En l’état, les produits éligibles reposent principalement sur des signes officiels de qualité et d’origine ou sur certaines démarches environnementales qui concernent essentiellement les productions agricoles terrestres. Cette situation ne permet pas de valoriser pleinement les démarches collectives de qualité développées par les filières françaises de la pêche et de l’aquaculture.
L’amendement intègre ainsi les produits issus de démarches reposant sur un cahier des charges contrôlé par un organisme tiers indépendant, garantissant notamment leur origine, leur traçabilité et le respect de pratiques durables.
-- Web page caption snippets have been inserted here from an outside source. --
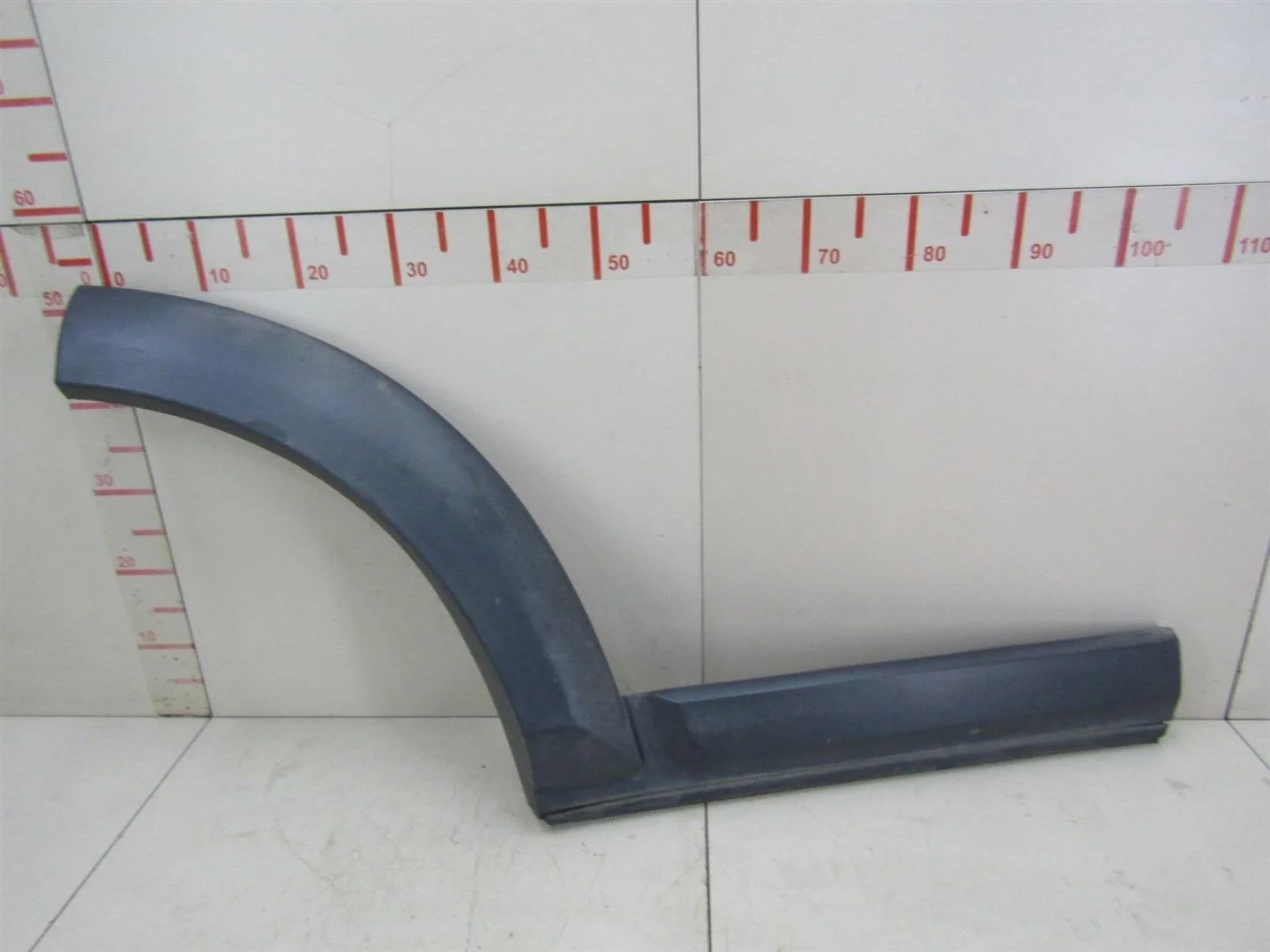 Накладка двери задней правой Land Rover Discovery III 2004-2009  [DGP000145PCL]  2.7 в Вологде
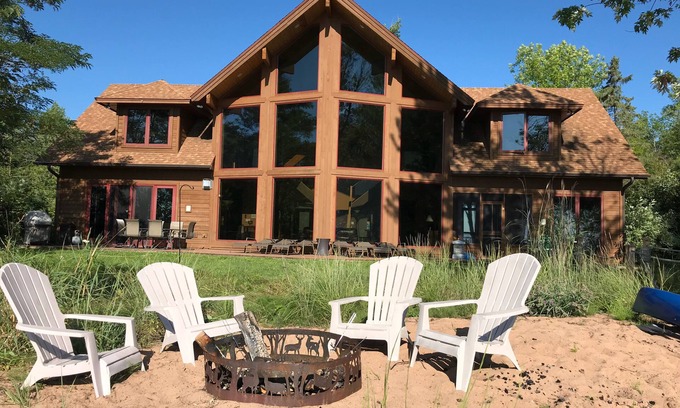 Washburn House | Gorgeous Chalet on Lake Superior - Snowmobile/ATV Trails 100 yds from the Door!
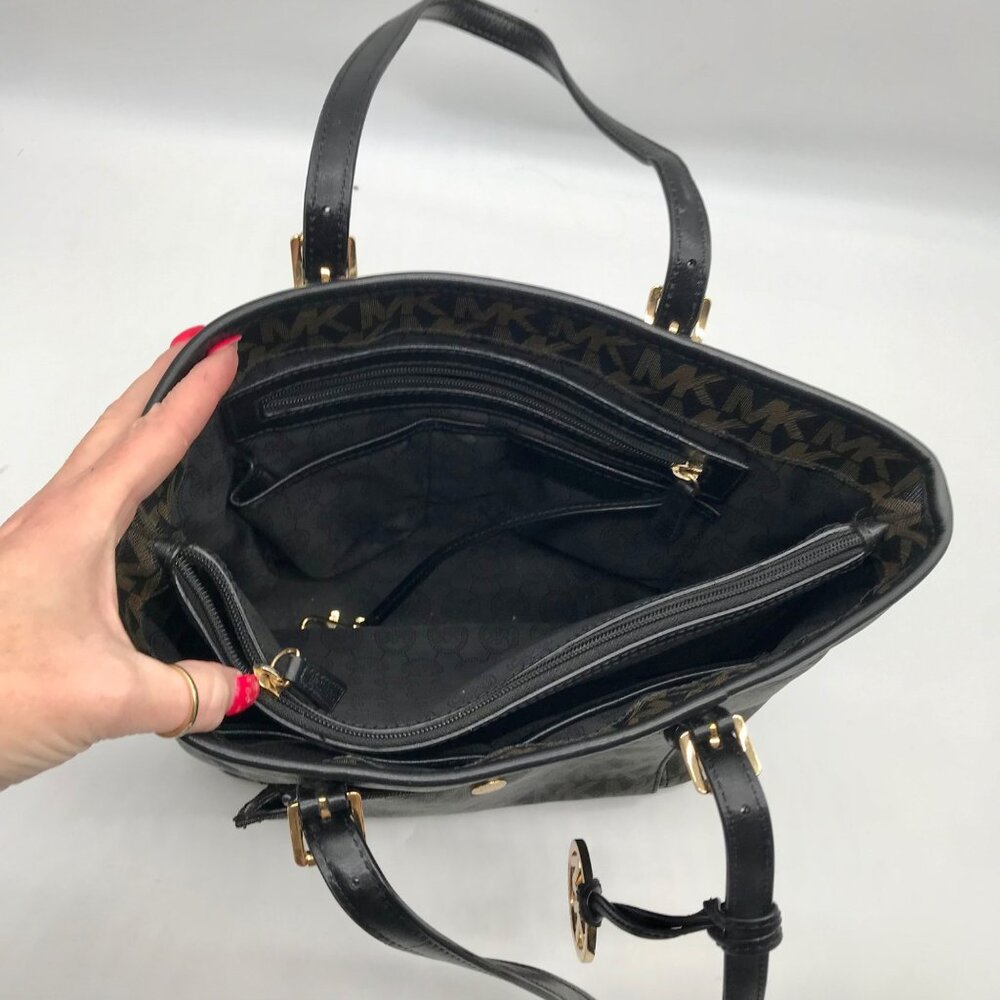 Michael Kors Brown Monogram Leather Carmen Shoulder Bag - Picture 10 of 10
Il clarifie également la distinction entre les produits de la pêche et ceux de l’aquaculture afin de tenir compte des cadres réglementaires qui leur sont propres.
Cette évolution permettra de mieux valoriser, dans le cadre de la commande publique, des produits dont la qualité est objectivée et contrôlée, tout en soutenant les filières françaises de la pêche et de l’aquaculture, l’emploi et la souveraineté alimentaire.